View Full Version : Utf8 in Mysql, should i?



micdhack
March 2nd, 2010, 06:41 PM
Hello,
i am creating a website which is going to be multicultural. That means multiple language text to print and text being posted by the users.

In the html <head> i have <meta http-equiv="Content-Type" content="text/html; charset=utf-8"> which works like a charm.

Also anything being posted and stored in the db is being stored correctly cause when i read it back through the mysqli in php is being printed as originally posted.

My mysql text and varchar tables have a latin1_swedish_ci charset.

I am not sure what kind of an effect does the mysql utf8 fields have for the text in the db but so far with the latin1_swedish_ci fields i was able to store Greek, Czech and Japanese letters without problem.

So my question would be, if anything is working correctly, should i change to utf8 or it doesnt really matter?

kahumba
March 2nd, 2010, 07:34 PM
In Ubuntu mysql doesn't default to utf8 which creates troubles when reading Russian strings (unless I encode/decode the strings by hand, which I shouldn't have to).
I've been surprised how the typical Linux distro is almost completely utf8 by default but mysql is not. Somebody is trying to save bytes in exchange for confusion and troubles. Way to go.

The Cog
March 2nd, 2010, 07:51 PM
Its my belief that that the mysql tables should be set for utf8 if that's what you're putting in them. Although it might work for now, putting utf8 byte sequences into a latin-1 database table, you may well find later that you want to use tools that are aware of the database encoding and try (correctly) to treat the database contents as latin1 and end up displaying stuff different to what you expect.

Hellkeepa
March 3rd, 2010, 02:21 AM
HELLo!

Yes, you should always stick to one charset when manipulating strings in a system. Otherwise you're begging for problems, problems which can be quite annoying in rectifying at a later point in time.

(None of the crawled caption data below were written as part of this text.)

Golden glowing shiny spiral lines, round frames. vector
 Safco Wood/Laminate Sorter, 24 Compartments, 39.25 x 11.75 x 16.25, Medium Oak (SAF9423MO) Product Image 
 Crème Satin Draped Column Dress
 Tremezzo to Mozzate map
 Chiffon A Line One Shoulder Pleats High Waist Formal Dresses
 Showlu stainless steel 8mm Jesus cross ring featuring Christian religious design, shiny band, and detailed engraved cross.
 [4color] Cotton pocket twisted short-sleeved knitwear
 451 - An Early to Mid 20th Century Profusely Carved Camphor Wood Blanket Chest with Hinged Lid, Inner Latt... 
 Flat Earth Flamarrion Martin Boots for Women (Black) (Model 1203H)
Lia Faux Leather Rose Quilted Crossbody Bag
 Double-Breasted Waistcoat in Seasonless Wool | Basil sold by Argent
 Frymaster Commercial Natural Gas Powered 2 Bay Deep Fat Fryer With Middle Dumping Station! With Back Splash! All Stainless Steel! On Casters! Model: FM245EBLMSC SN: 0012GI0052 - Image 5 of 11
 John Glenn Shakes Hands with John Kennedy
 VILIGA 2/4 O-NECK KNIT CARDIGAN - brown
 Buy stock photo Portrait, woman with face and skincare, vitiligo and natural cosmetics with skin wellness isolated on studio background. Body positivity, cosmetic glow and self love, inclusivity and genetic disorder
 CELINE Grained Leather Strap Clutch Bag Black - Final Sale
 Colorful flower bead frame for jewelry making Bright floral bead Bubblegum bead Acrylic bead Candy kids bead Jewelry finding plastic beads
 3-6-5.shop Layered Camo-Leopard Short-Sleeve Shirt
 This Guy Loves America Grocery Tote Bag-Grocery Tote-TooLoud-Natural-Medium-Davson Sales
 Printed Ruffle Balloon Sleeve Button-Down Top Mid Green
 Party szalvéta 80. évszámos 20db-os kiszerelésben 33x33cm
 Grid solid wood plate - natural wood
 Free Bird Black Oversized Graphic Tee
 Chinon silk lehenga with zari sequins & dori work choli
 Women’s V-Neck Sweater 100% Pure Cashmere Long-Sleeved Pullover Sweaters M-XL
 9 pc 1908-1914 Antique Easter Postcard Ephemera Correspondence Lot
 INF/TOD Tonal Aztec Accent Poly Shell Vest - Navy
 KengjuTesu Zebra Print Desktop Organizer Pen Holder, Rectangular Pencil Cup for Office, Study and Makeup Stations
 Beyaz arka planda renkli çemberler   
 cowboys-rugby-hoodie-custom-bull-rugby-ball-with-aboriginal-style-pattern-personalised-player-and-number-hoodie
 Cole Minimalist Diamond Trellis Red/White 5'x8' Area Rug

To make sure that your system is UTF-8 all the way through, you need to do the following:
Send the following header with PHP, or via the web server, on all of the pages displayed:

content-type: text/html; charset=utf-8
Using the HTML meta tags alone is not enough, as the server overrides these.
Send "USE NAMES 'utf8'" to the MySQL server, right after selecting the database you're using.
Make sure all tables are created with ") DEFAULT CHARSET=utf8;" at the end of the table definition.
Add 'accept-charset="utf-8"' to all form elements in the HTML code.
Make sure you use UTF-8 enabled functions, and actually tell them to use UTF-8, in the PHP source code.

Happy codin'!

micdhack
March 3rd, 2010, 08:54 AM
Wow man thanks! Your answer is perfect and super thorough.
I ll start making the appropriate changes right away.

Hellkeepa
March 3rd, 2010, 04:48 PM
HELLo!

You're welcome, glad you found it useful. :-)

Happy codin'!